- [DATA FOR THIS EXERCISE]:
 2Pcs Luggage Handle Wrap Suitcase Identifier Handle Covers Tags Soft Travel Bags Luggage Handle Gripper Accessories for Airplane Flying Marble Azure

* * *

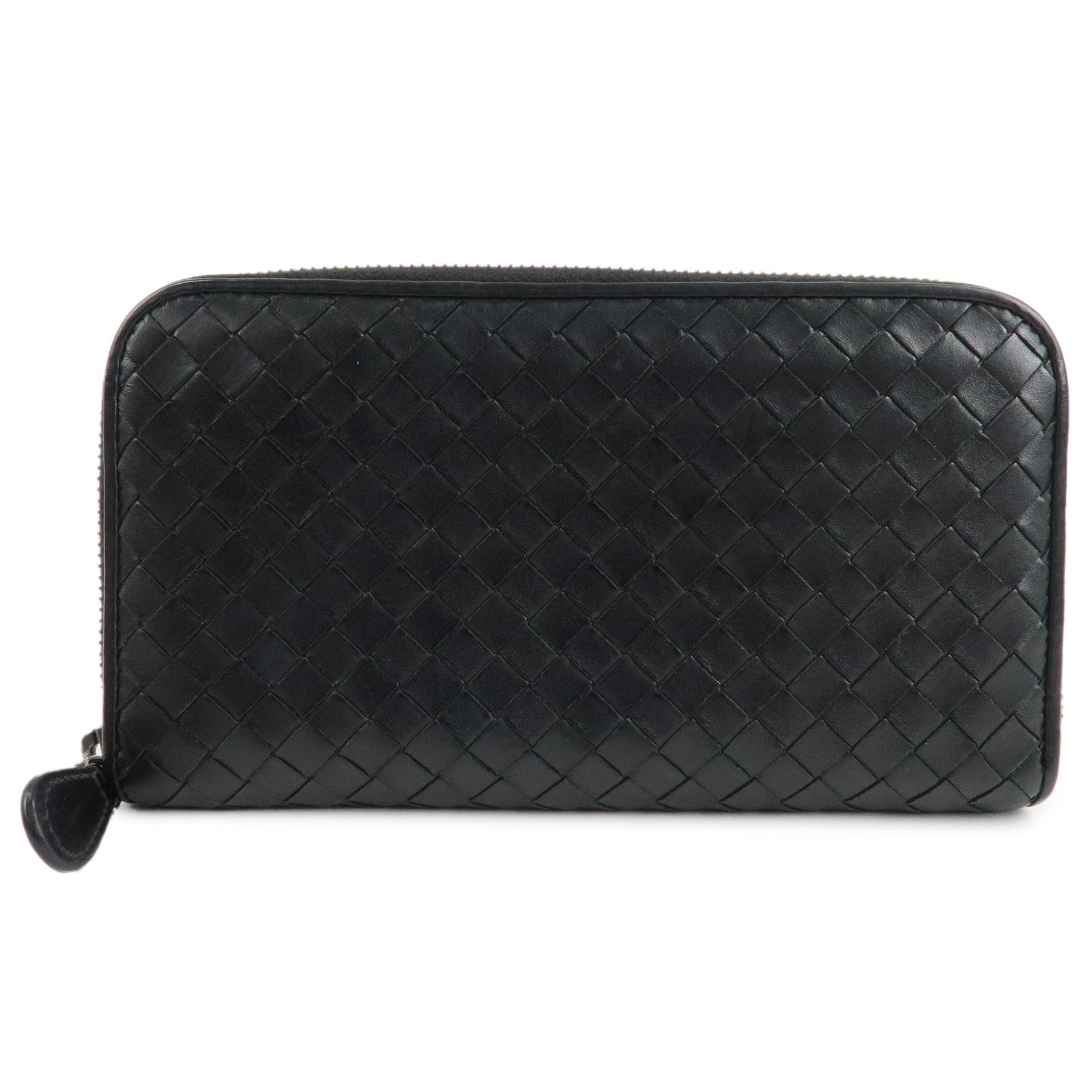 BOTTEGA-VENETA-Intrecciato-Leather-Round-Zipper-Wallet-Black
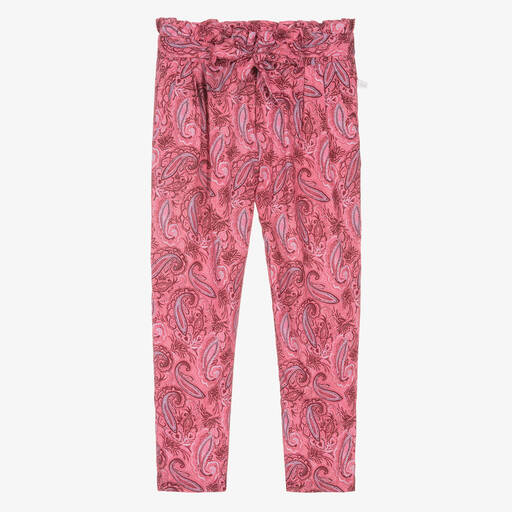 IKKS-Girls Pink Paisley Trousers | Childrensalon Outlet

- [WHAT YOU WILL DO]: Give again the stretch of lines above from the one with "BOTTEGA-VENETA-Intrecciato-Leather-Round-Zipper-Wallet-Black" through the one with "IKKS-Girls Pink Paisley", both ends kept, and copy no pictures.

- [ANSWER SECTION]:
 BOTTEGA-VENETA-Intrecciato-Leather-Round-Zipper-Wallet-Black
 IKKS-Girls Pink Paisley Trousers | Childrensalon Outlet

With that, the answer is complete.